▸ Brief descriptive captions
╭──
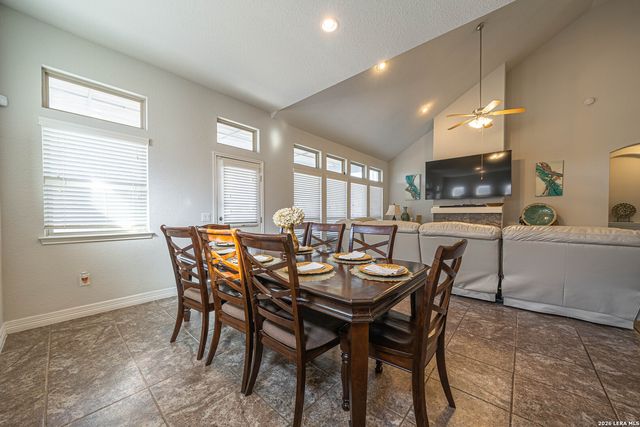 8923 Monument Parke, San Antonio, TX 78254
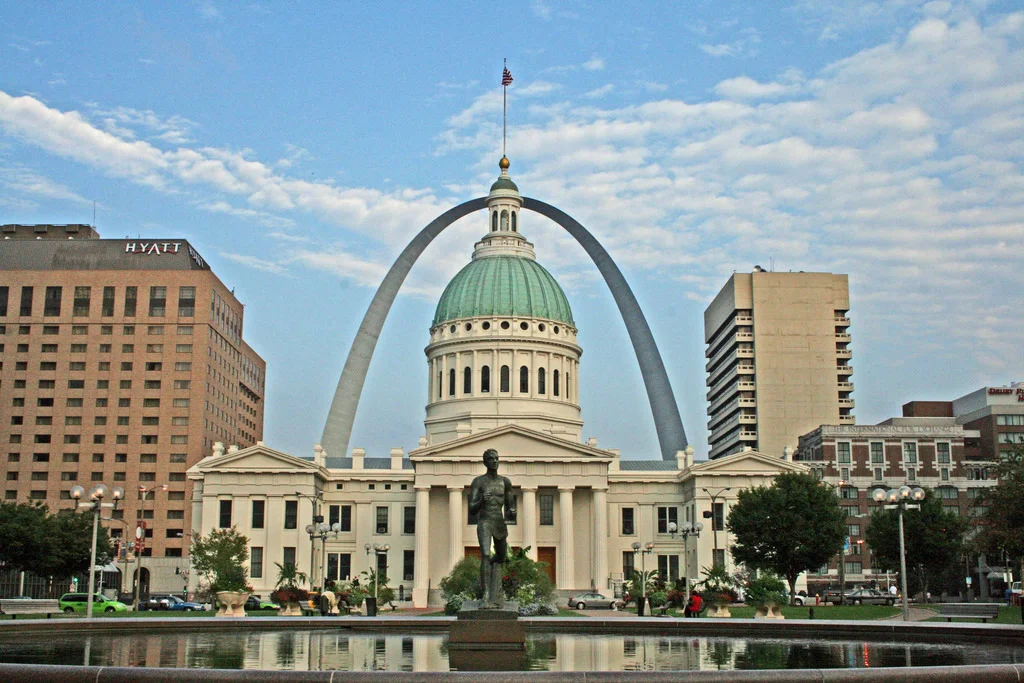 Old Courthouse.jpg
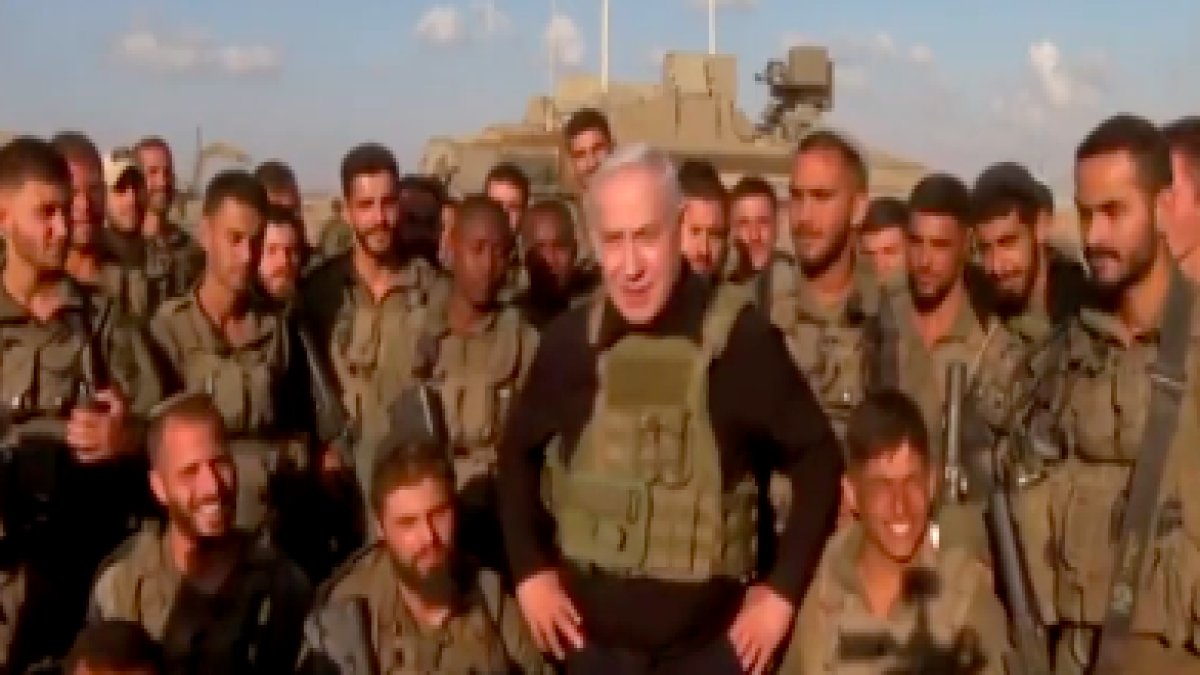 Gazze sınırındaki askerleriyle bir araya gelen Netanyahu, kara operasyonuna hazırız mesajı verdi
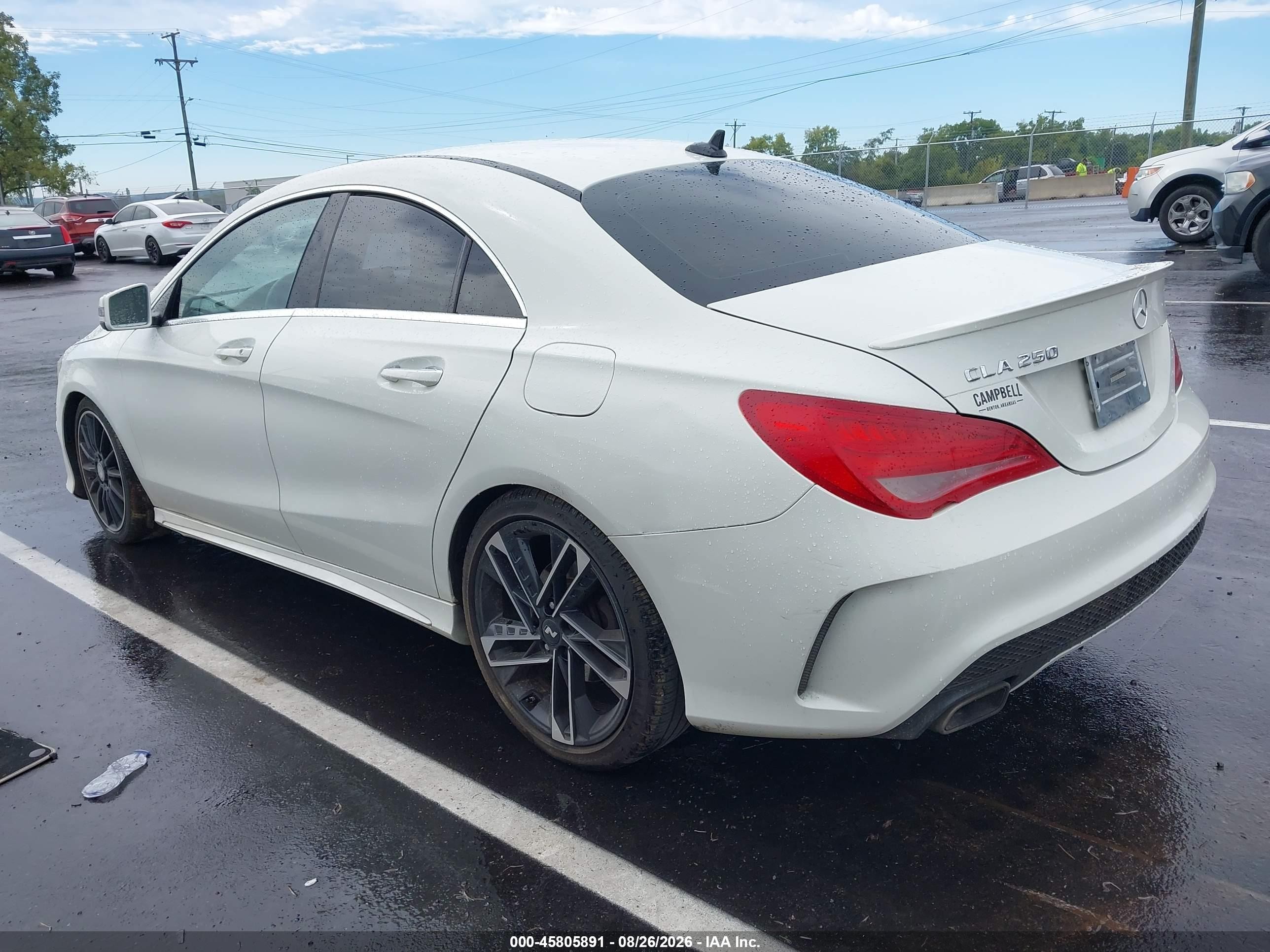 2015 Mercedes-benz Cla 250   White vin: WDDSJ4EB8FN239837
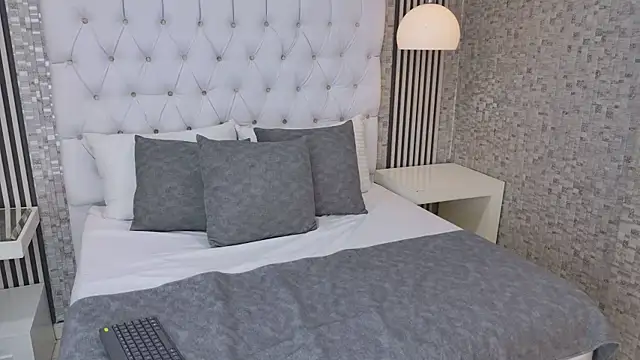 Chat +18 de VioletSweetts ao vivo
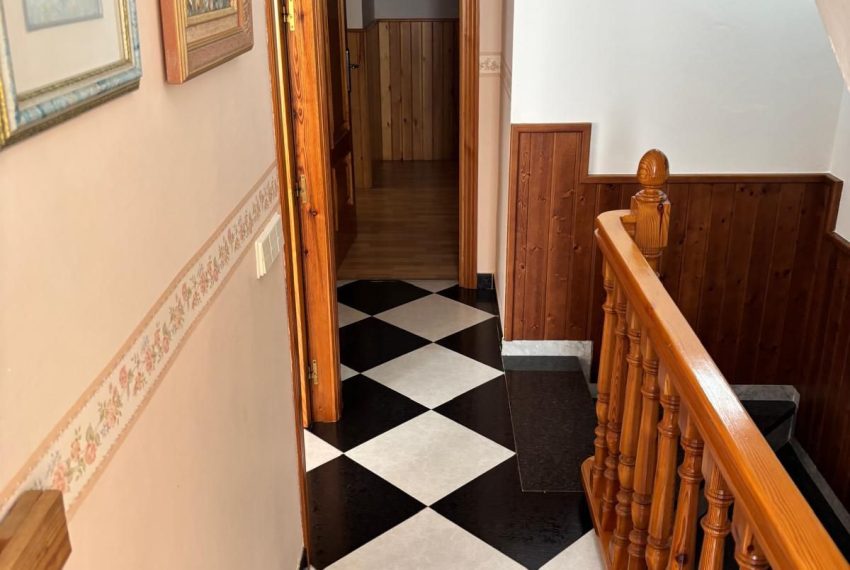 R5346316-House-For-Sale-Estepona-Townhouse-2-Beds-97-Built-15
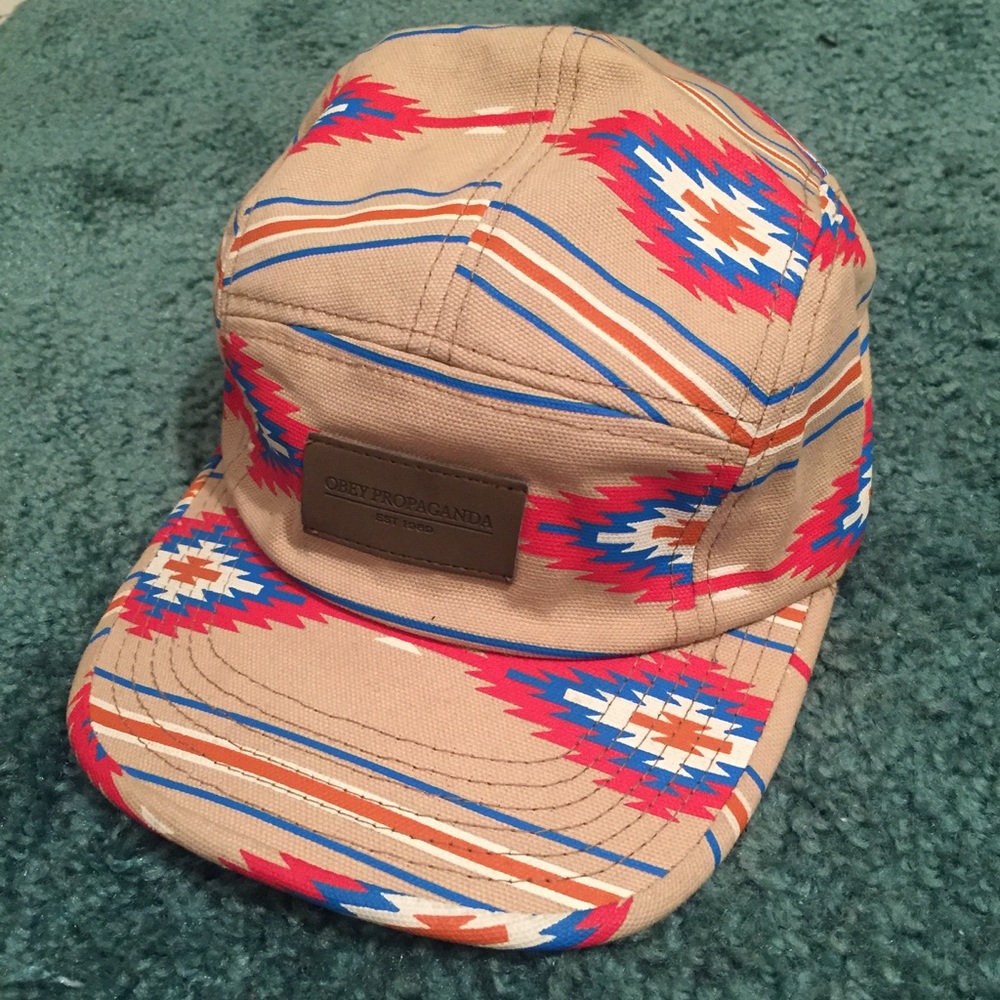 Obey 5 Panel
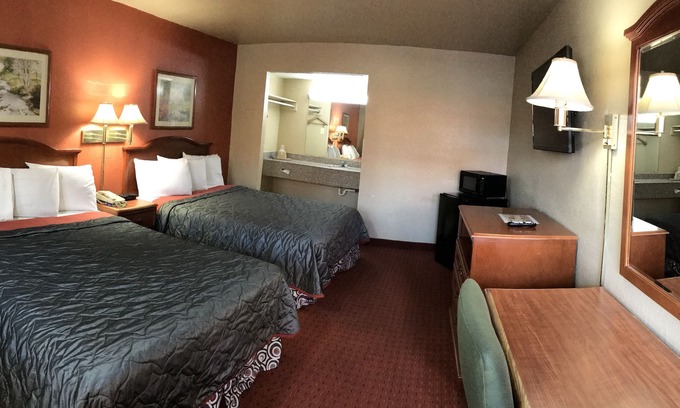 Elmwood Area Hotel | Best Budget Inn - Abilene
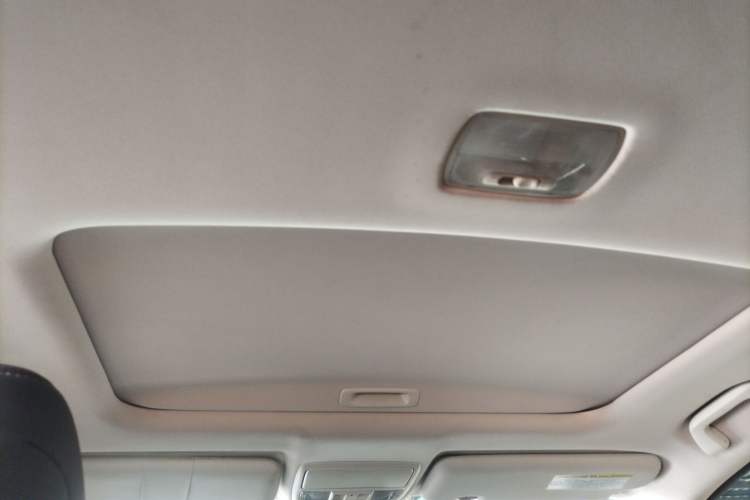 Used Honda CR-V 2015 2.4L four-wheel drive luxury version
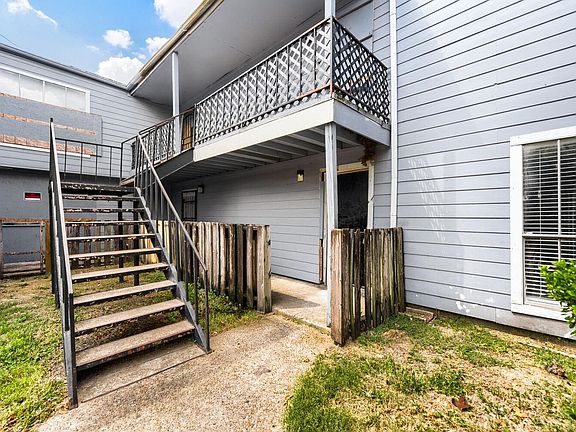 3rd image of 5625 Antoine Dr APT 307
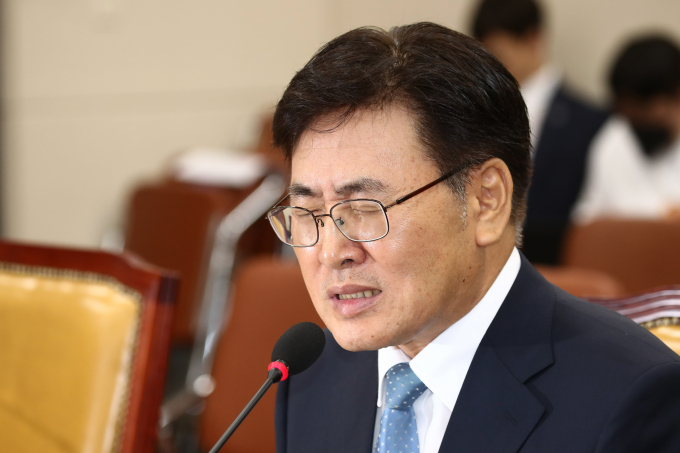 야당이 유상임 과학기술정보통신부 장관 후보자가 장남의 마리화나 흡입 의혹을 은폐하려 했다며 자진 사퇴를 촉구했다. 사진은 유 후보자가 지난 8일 서울 여의도 국회 과학기술정보방송통신위원회 전체회의장에서 열린 인사청문회에서 의원 질의에 답하는 모습. /사진=뉴스1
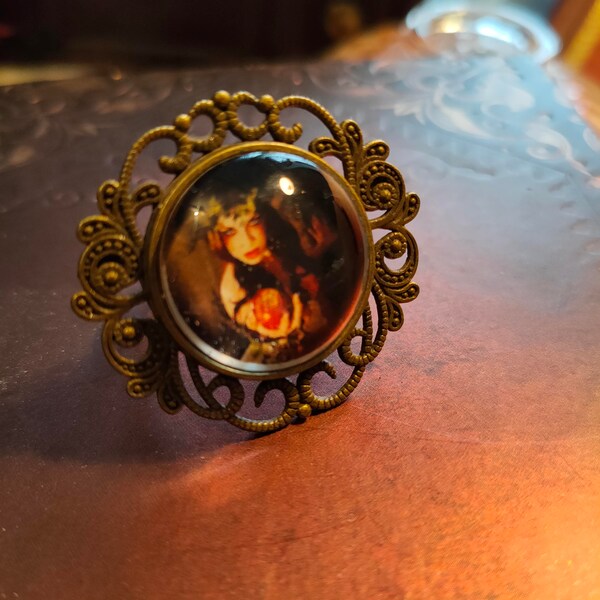 Bague Steampunk bronze "L'Empoisonneuse" originale. Cabochon portrait femme. Bijou romantique gothique / victorienne. Bague ronde réglable.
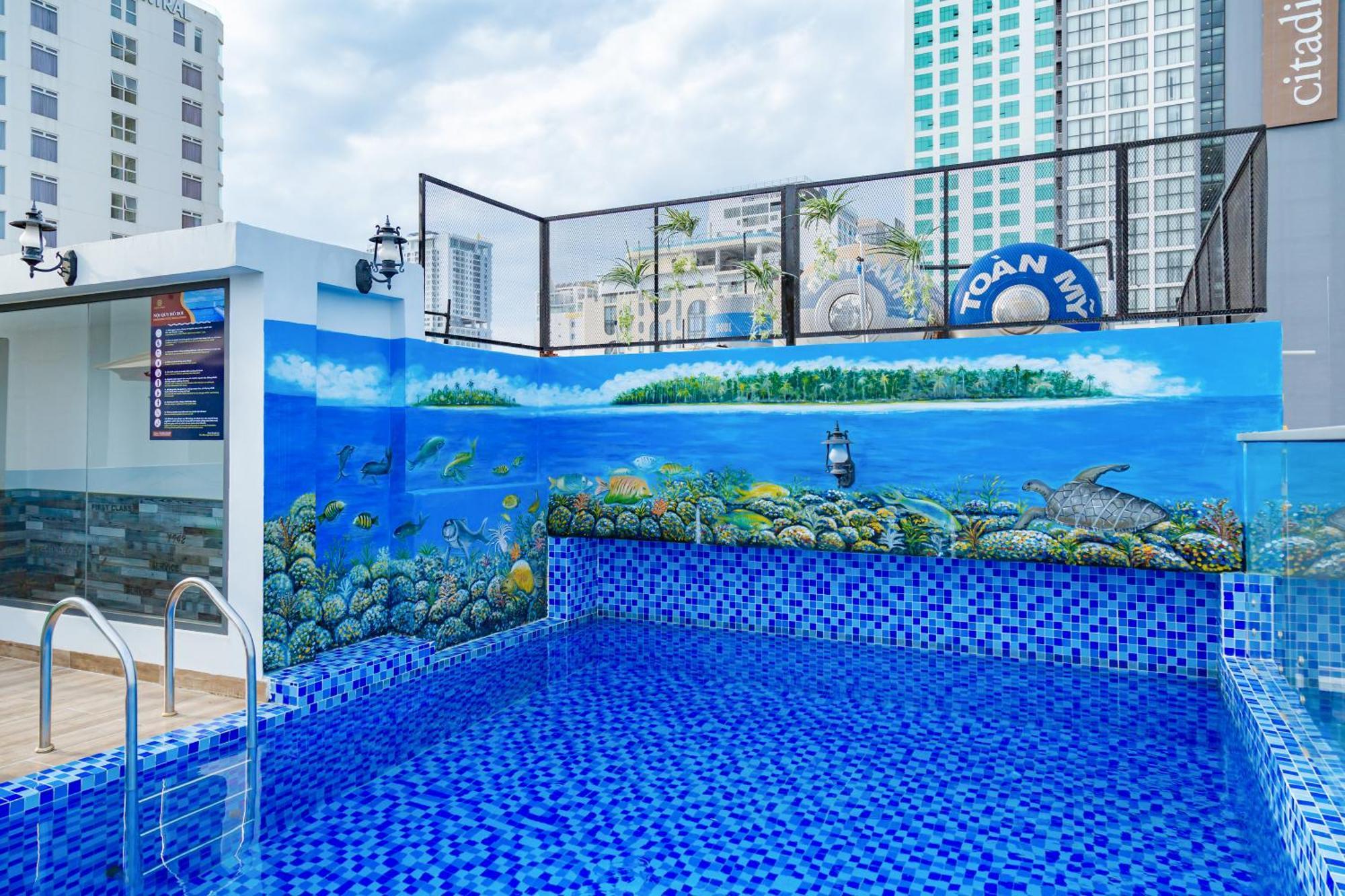 Hotel Azura Gold &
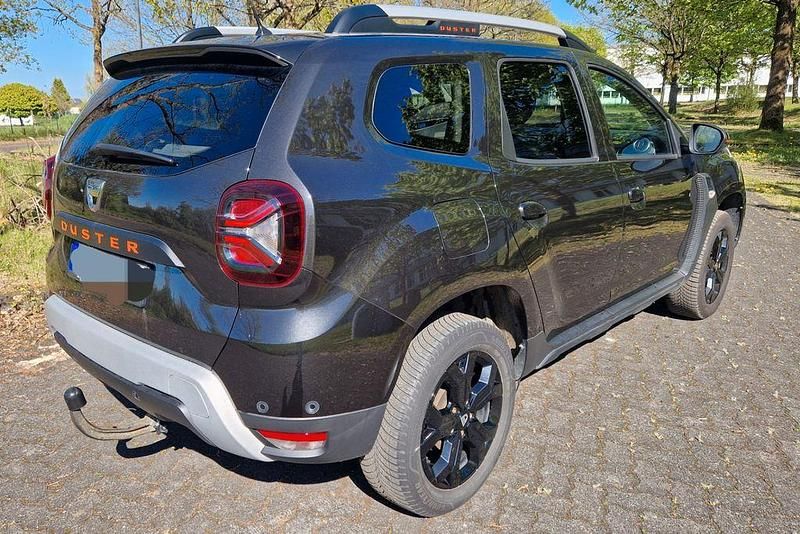 Second-hand Dacia Duster Extreme 131 CP (96 kW) 2022 Negru SUV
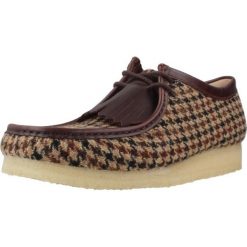 Buty CLARKS ORIGINALS WALLABEE Brązowy. Brązowe trekkingi męskie Clarks, trekkingowe. Za 673.99 zł.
╰──
▸ Directions
Return word for word the lines from the beginning of the entries through the line that contains "야당이 유상임 과학기술정보통신부", both ends included, but no pictures.

▸ Written answer
 8923 Monument Parke, San Antonio, TX 78254
 Old Courthouse.jpg
 Gazze sınırındaki askerleriyle bir araya gelen Netanyahu, kara operasyonuna hazırız mesajı verdi
 2015 Mercedes-benz Cla 250   White vin: WDDSJ4EB8FN239837
 Chat +18 de VioletSweetts ao vivo
 R5346316-House-For-Sale-Estepona-Townhouse-2-Beds-97-Built-15
 Obey 5 Panel
 Elmwood Area Hotel | Best Budget Inn - Abilene
 Used Honda CR-V 2015 2.4L four-wheel drive luxury version
 3rd image of 5625 Antoine Dr APT 307
 야당이 유상임 과학기술정보통신부 장관 후보자가 장남의 마리화나 흡입 의혹을 은폐하려 했다며 자진 사퇴를 촉구했다. 사진은 유 후보자가 지난 8일 서울 여의도 국회 과학기술정보방송통신위원회 전체회의장에서 열린 인사청문회에서 의원 질의에 답하는 모습. /사진=뉴스1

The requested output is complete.